Knapp jumped out to a 3-up lead on Ryan, who was trying to become the first back-to-back champion since for USGA president William C. Campbell in 1980. He held the same advantage through 14 holes, but faltered on his first three chances to close out the match. After a ragged approach shot on No. 15 led to a bogey, he pulled his tee shot into the trees on the left of No. 16, which led to another missed green and another bogey. Ryan needed to make a downhill, 7-foot par putt to extend the match on No. 17, and connected, sending the duo to No. 18 with Knapp clinging to a 1-up lead. A lagged birdie putt to concession range was enough to seal the deal, sending Knapp to his first final in a USGA championship.
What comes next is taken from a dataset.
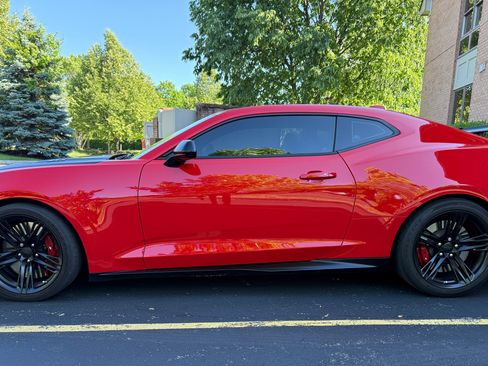 Used 2021 Chevrolet Camaro ZL1 RWD image 6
“I think for most of us, it takes an understanding of how important it is to be here, what's at hand. The chance may never come again in a lifetime. You can't take it lightly. It's so tough,” said Knapp, who reached the semifinals of the U.S. Mid-Amateur in 2008 and 2010, and fell to Tiger Woods in the 1995 U.S. Amateur in the Round of 16. “You need to play to win, and obviously you have to have the game to do that, and I haven't always had the game, but today I think I had a little bit of game and I had the desire.”
By advancing to the final, both Knapp and Simson earn exemptions into the 2018 U.S. Senior Open at The Broadmoor, in Colorado Springs, Colo. They also secured spots in the 2018 U.S. Amateur at Pebble Beach, and three-year exemptions into the Senior Amateur. The champion earns a 10-year exemption into the Senior Amateur.
For Knapp, all of perks that come with a spot in the final will allow him to really focus on the task at hand.
“A lot of the pressure is off now. A guy like me, I'm living on the edge, year to year, trying to qualify. I grinded my butt off to make it to here. At the end of the day, when you start to advance and you get to the finals, there's just a lot of gravy, a lot of carrots, so to speak, that come with it,” said Knapp. “Not that winning will mean even more, but tomorrow for the first time, I can focus on that as opposed to, wow, there's so much at hand here, so much at stake. I'm excited about it. This is what we all play golf for, and I'm familiar with Paul, and we'll just go get it tomorrow.”
Indeed, Simson and Knapp are familiar with one another. The two were in each other’s crosshairs twice in 1998, the first time in a playoff for a U.S. Open spot, and later that year, as opponents in the U.S. Mid-Amateur quarterfinals. Simson had the upper hand in both instances.
If things go as planned for Simson on Thursday morning, three times will be the charm, in more than one respect.
“I've been playing pretty well all summer and have been on the periphery of having a really good year,” he said after his victory over Vana. “You know, I've done a lot of good things, but it's just been a little bit off, and it has pretty much come together this week.”